Beitrag von NewRaven » 08.12.2018 16:18

TheLaughingMan hat geschrieben:
08.12.2018 16:11
Zu sagen "ignoriere einfach 60% des Contents den dieses Spiel bietet, dann macht es schon irgendwie Spaß" ist nun aber auch kein Aushängeschild für das Produkt selbst.
Genauso wenig wie "spiele gefälligst auch den Kram, der dir keinen Spaß macht, weil... du hast ja dafür bezahlt", nicht wahr?! Wenn aus den anderen 40% immernoch genug Spielspaß kommt, der meine Investition und meine Zeit rechtfertigt, ist es völlig okay, die restlichen 60% zu ignorieren (es gibt viele Games, da ignoriere ich und viele andere ja ganze Spielmodi).

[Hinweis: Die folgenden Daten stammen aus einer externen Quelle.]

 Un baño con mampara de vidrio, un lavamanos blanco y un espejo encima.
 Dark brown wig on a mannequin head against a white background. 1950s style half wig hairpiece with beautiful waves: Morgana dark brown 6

Und wenn da halt zu wenig drin ist, um Spielspaß drauß zu ziehen, der auch meine Zeit- bzw. Geldinvestitionen rechtfertigt, kauf ich den Titel halt einfach nicht. Wegen mir hätten sie sich das auch sparen können, aber offenbar gibt es ja Leute, denen solch ein Grind bis zum Geht-Nicht-Mehr Spaß macht (hallo, liebe MMORPGler) - es gibt nicht wirklich einen Grund, warum man dieses Zeug nicht zusätzlich mit einbauen sollte, solange eben auch genug für mich interessanter Content enthalten ist. Für einen Completionist ist das natürlich Horror, keine Frage... aber jeder, der das Spiel letztlich wegen dem Gameplay oder der Story spielt, hat davon nicht wirklich nen Nachteil.